The work is slow. Separations that took minutes require weeks to repair, coordinated among multiple federal agencies and layered with background checks and fraud safeguards. HHS had to improvise a parent-child reunification system on the fly because the Trump administration didn’t have one until a few weeks ago.
But after Trump caved to public outrage and abruptly froze his family-separation system, Sabraw issued an injunction giving the government 30 days to reunite the children with their mothers and fathers.
“This is a novel process,” said Cmdr. Jonathan White, a social worker and top HHS emergency-response official working in the bunker. Short and trim, with wire-rimmed glasses and khaki fatigues, he is the kind of fast-talking fix-it-man usually flown in after catastrophe strikes.
This time he has been deployed deep into the federal bureaucracy, figuring out how the government can quickly confirm parental relationships and run criminal background checks before delivering children to their mothers and fathers at immigration jails scattered along the border.
“We’ve never had a flow of children to ICE facilities,” said White, referring to adult detention centers run by Immigration and Customs Enforcement. “That’s new for us.”
In most cases, parents being reunited with their children are fitted with an ankle monitoring bracelet, assigned a court date and released. The government can’t continue to hold them en masse, because U.S. courts don’t allow children to be jailed long-term in adult detention facilities and ICE’s “family residential centers” are mostly full.
By midnight Wednesday, federal officials had reunited 364 of the 2,500 children ages 5 to 17 with their parents, according to a court filing Thursday. Officials said they have identified 1,600 adults who may be eligible to be reunited with their children, but only about half have been interviewed and cleared. Slightly more than 90 have been deemed ineligible because of criminal records and other reasons, but hundreds of cases are still pending review.
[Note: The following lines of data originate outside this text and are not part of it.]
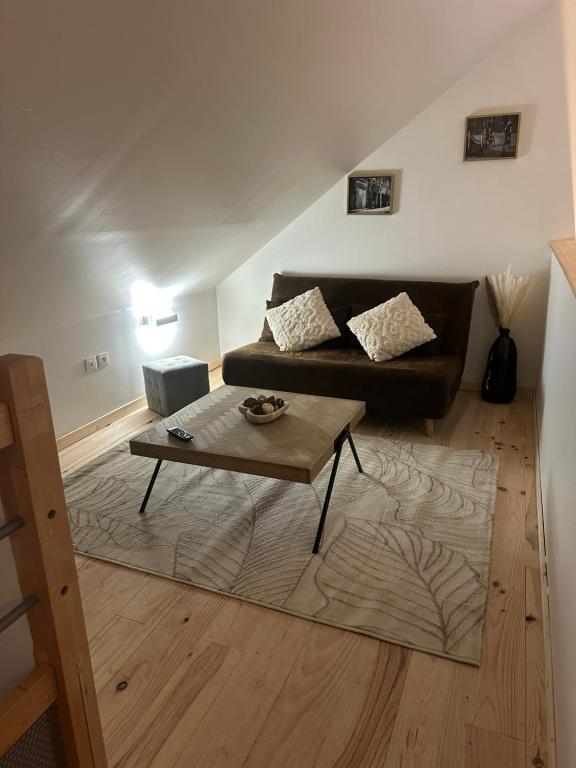 L’Escale du lac في Brêmes: غرفة معيشة مع أريكة وطاولة قهوة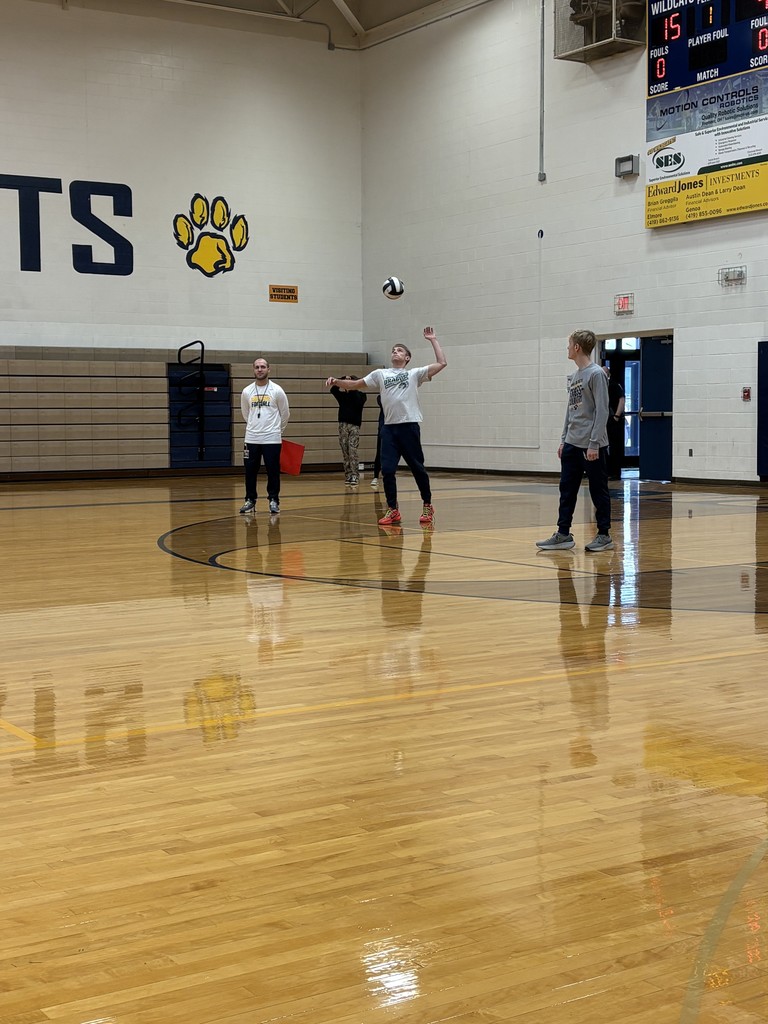 A student is mid serve. Mr. Unverferth is in the background as a line ref.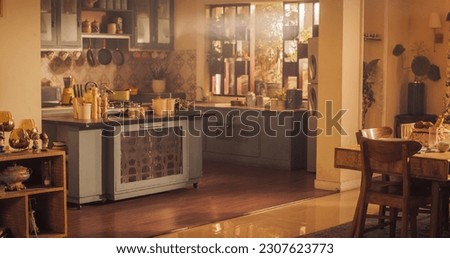 Wide Shot of an Empty Cosy Kitchen Decorated with Indian Style. Stylish Traditional South Asian Home with Utensils and Wide Window Letting the Spring Warmth and Light in. Vintage Warm Aesthetic Royalty-Free Stock Photo #2307623773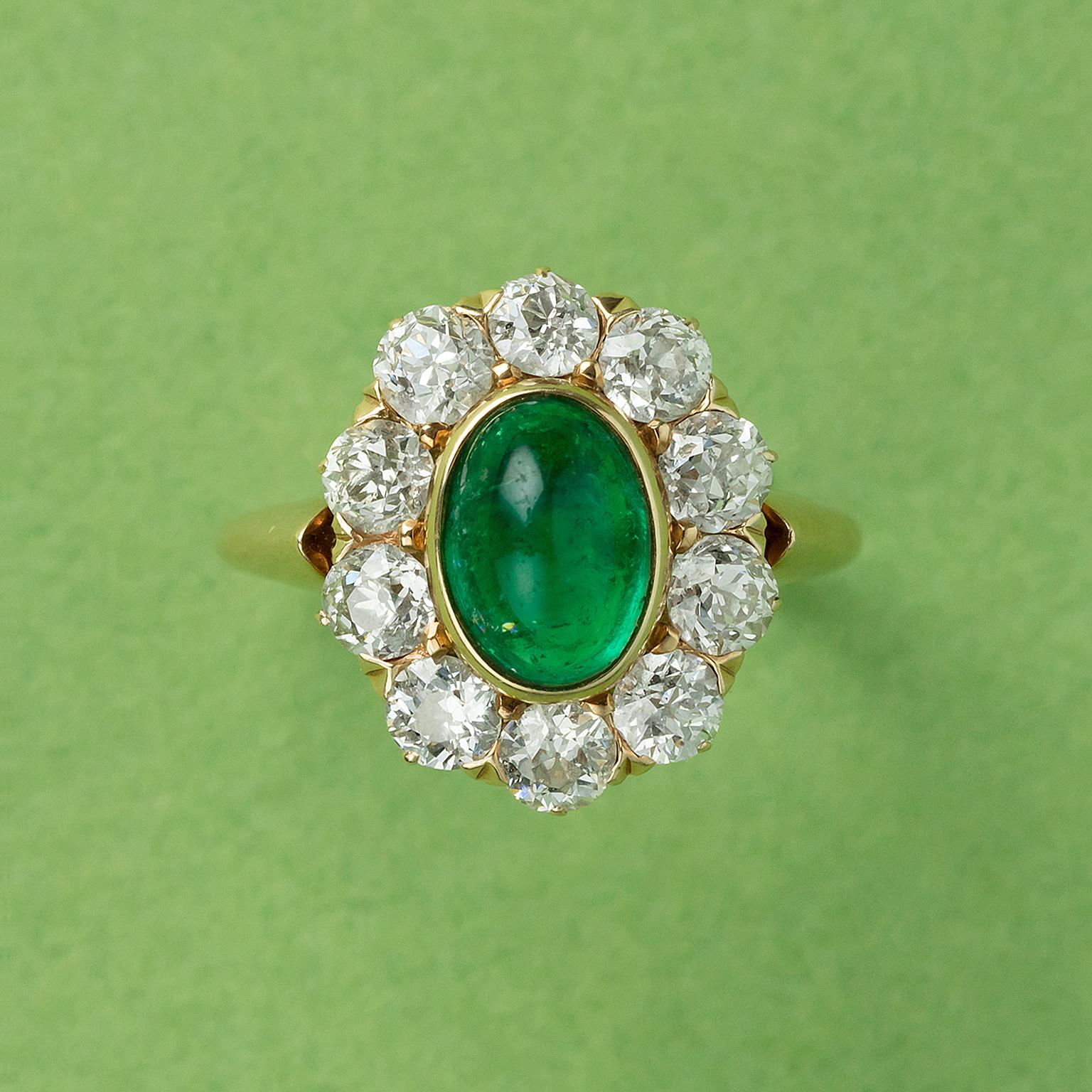 An 18 carat yellow gold cluster ring bezel set oval cabochon cut emerald (1.54 carat, Colombian minor) with ten old cut diamonds surround (circa 1.5 carat), American, circa 1910.

weight: 9.30 grams
ring  size: 17+ mm / 6 ¾ US.
width: 1.2 – 16 mm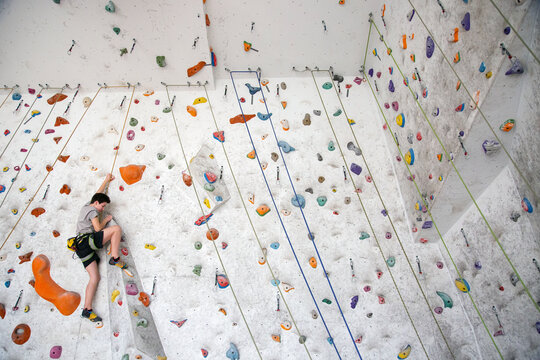 Young teenager rock climbing
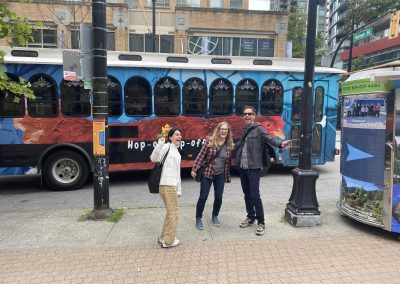 Scavenger hunt team members stand in front of a tram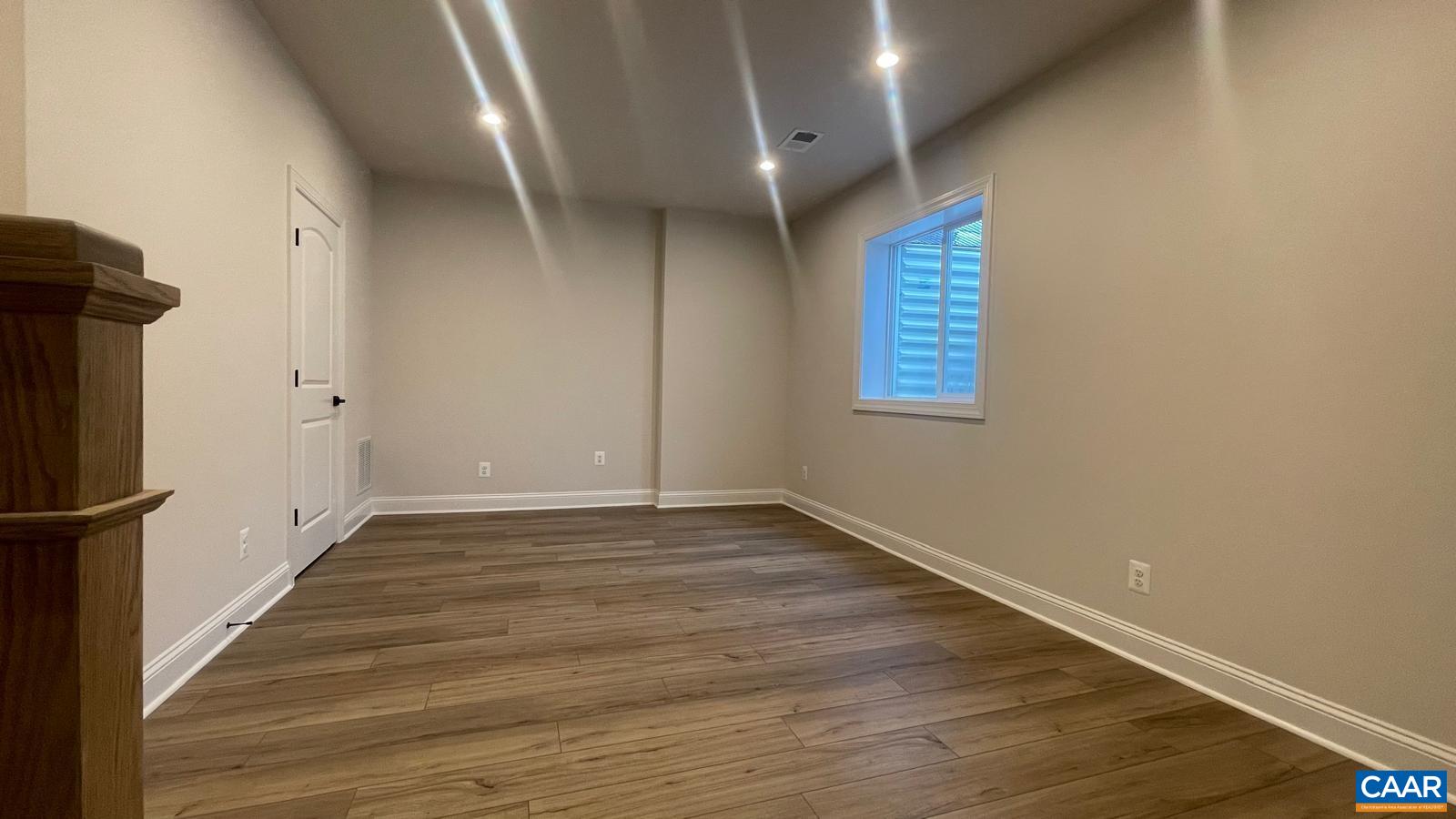 4006 Varick Street Charlottesville, VA 22901 - Photo 28 of 33 a view of an empty room with wooden floor and a window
The work of reuniting migrant families was further complicated, HHS officials said Thursday, because case workers started the process with no clear way of knowing who among the nearly 12,000 migrant children in federal custody after crossing the border were those taken from their parents.
The problem was plain to see in the HHS software shown to reporters, which lacks a data-entry field to label children who are separated minors. Unless the U.S. border agents who took the families into custody included such details in the “notes” field of a child case file, there was nothing to distinguish the separated children from the much larger group of underage migrants who arrived in the United States without a parent.
The data system was designed to process such “Unaccompanied Alien Children,” and place them with sponsors, agency spokesman Mark Webber said. “What it wasn’t designed to do is the quick match” with parents.
When Sabraw issued his June 26 injunction ordering the separated minors to be swiftly returned, case workers had to go through files by hand to build a new database, said Chris Meekins, chief of staff for the Office of the Assistant Secretary for Preparedness and Response.
Top officials were enlisted in an effort that took “600 to 700 man-hours,” Meekins said. “Even the [HHS] Secretary [Alex Azar] did it for a period of time.”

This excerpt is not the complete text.